■ **Task requirements**: Before copying, find the line below that contains "Image of tree trunk numbers"; then return it and all later lines exactly, up to and including the final line, with no pictures.

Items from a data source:
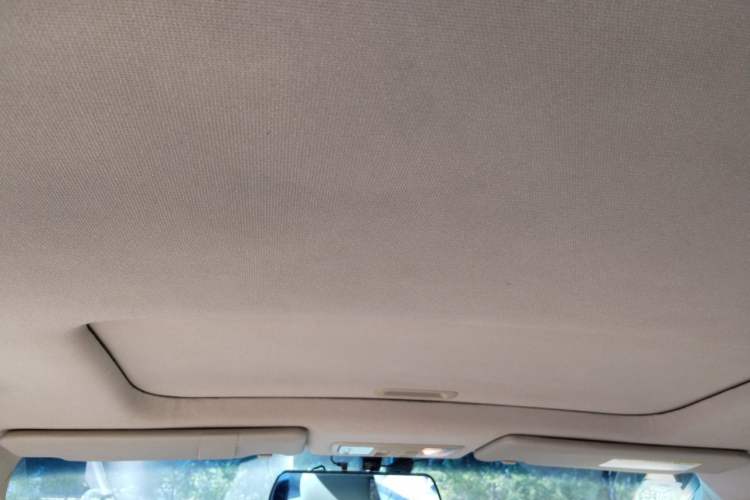 Used Honda Odyssey 2009 2.4L Luxury Edition Headliner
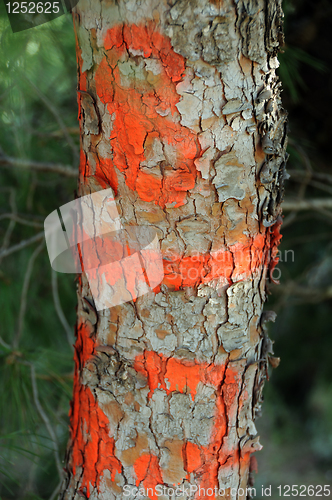 Image of tree trunk numbers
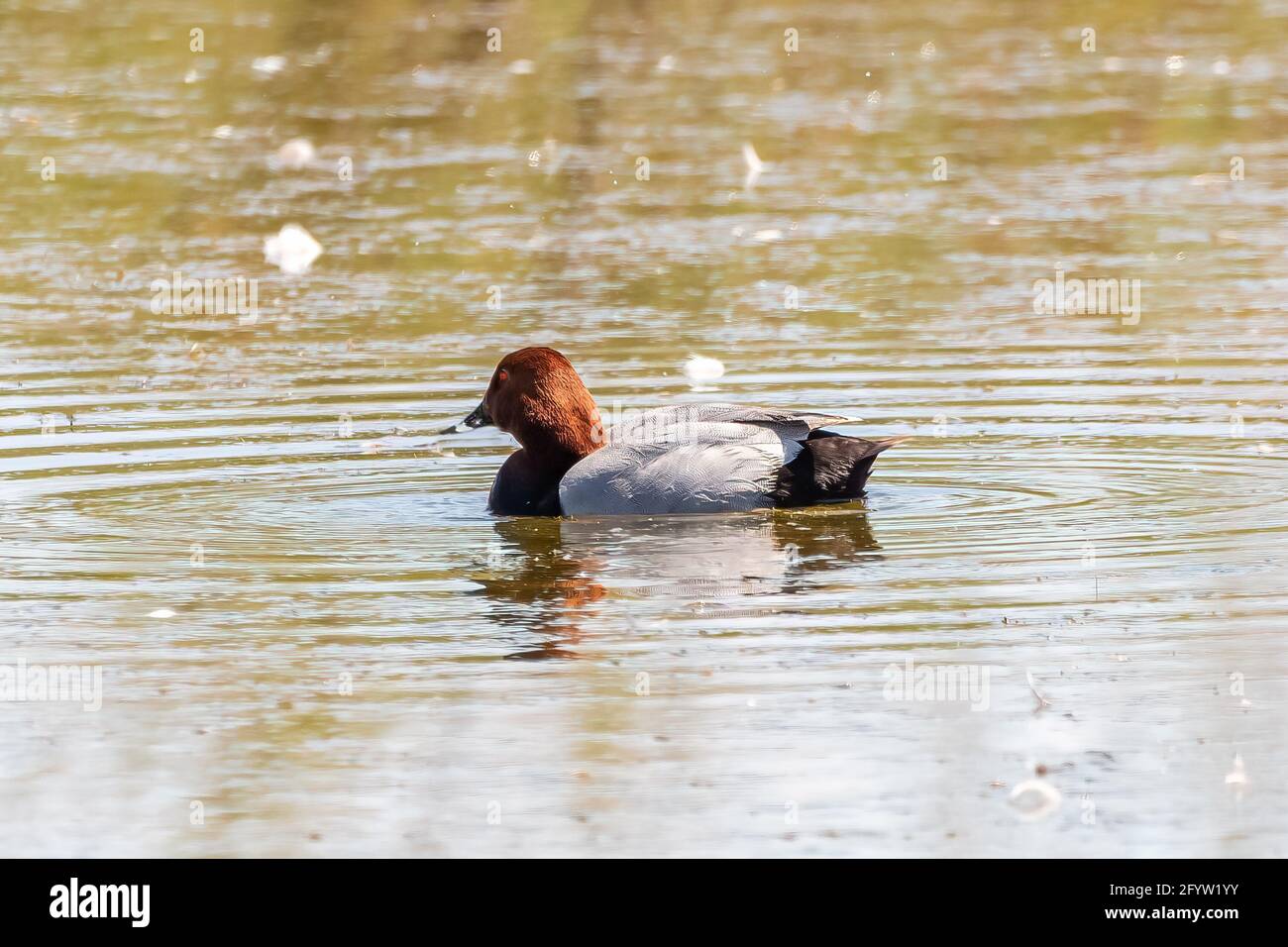 The common pochard is a mediumsized diving duck. The scientific name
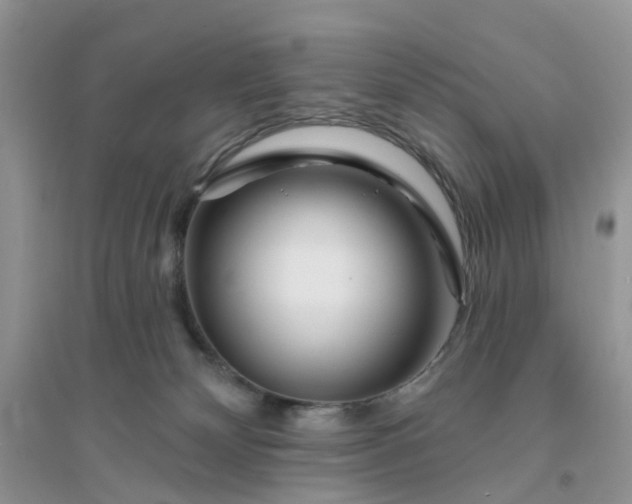 X0000096170132200802011327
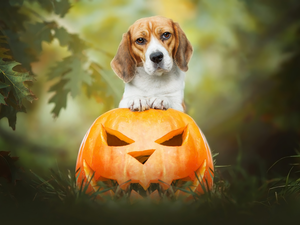 dog, pumpkin, halloween, Beagle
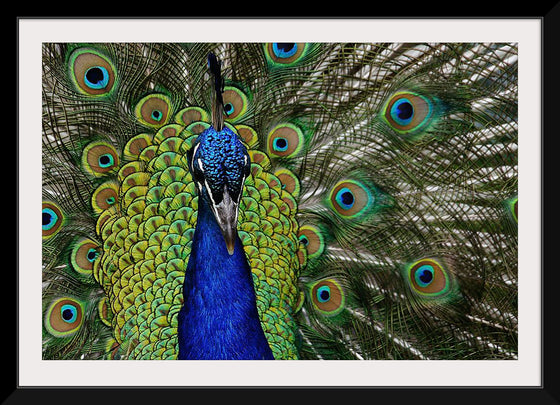 "Peacock portrait"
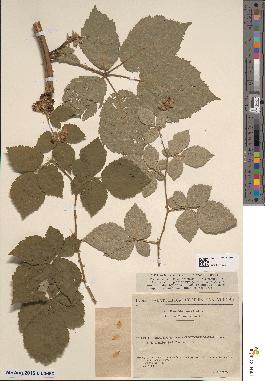 spécimen de Rubus arduennensis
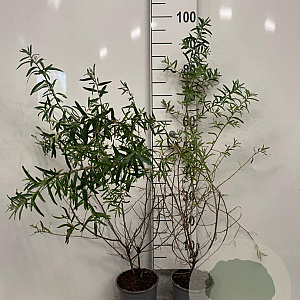 Hippophae rhamnoides 60-80 cm 2,0L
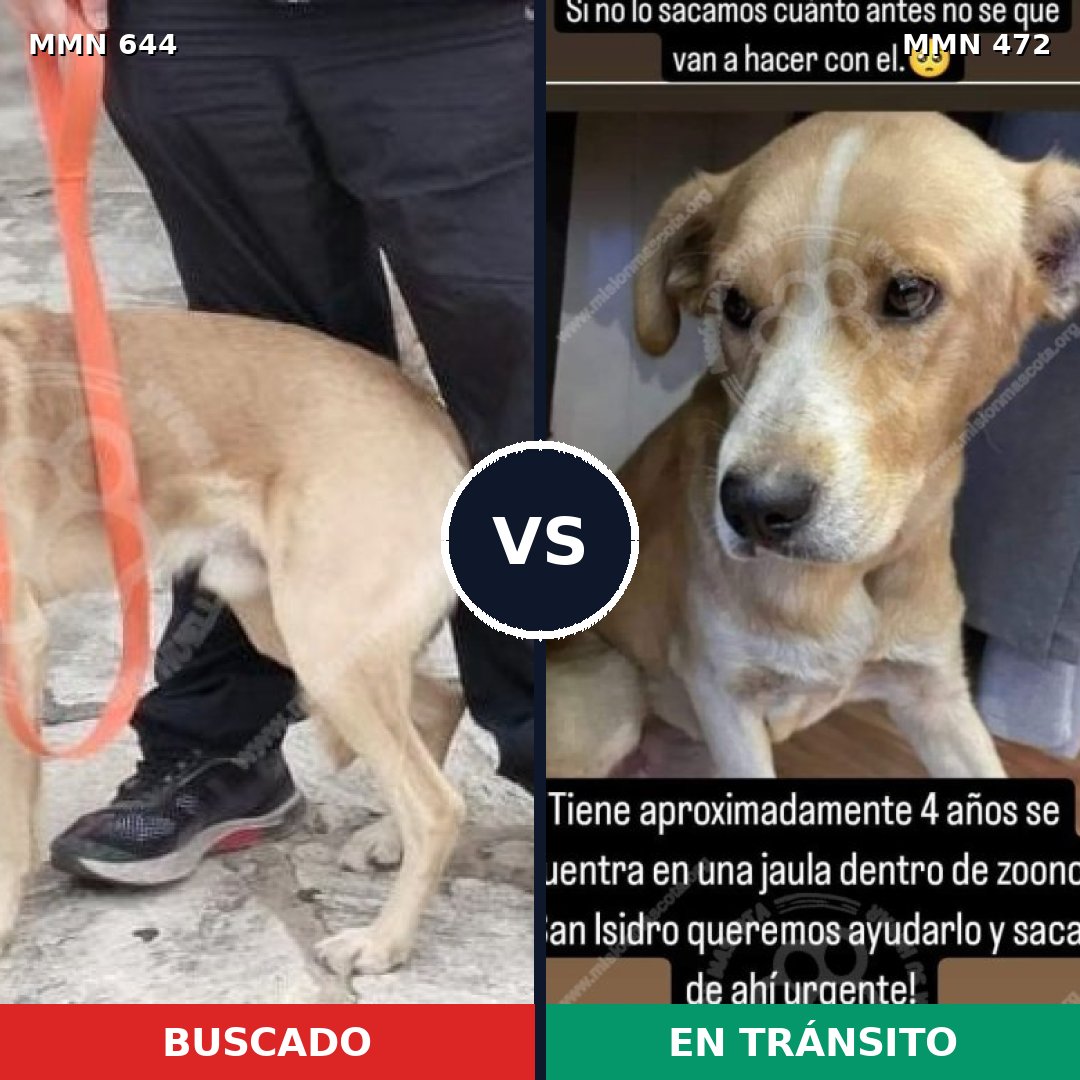 Comparativa MMS 9333: mascota perdida y mascota encontrada, 72% de similitud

■ **Expected output**:
 Image of tree trunk numbers
 The common pochard is a mediumsized diving duck. The scientific name
 X0000096170132200802011327
 dog, pumpkin, halloween, Beagle
 "Peacock portrait"
 spécimen de Rubus arduennensis
 Hippophae rhamnoides 60-80 cm 2,0L
 Comparativa MMS 9333: mascota perdida y mascota encontrada, 72% de similitud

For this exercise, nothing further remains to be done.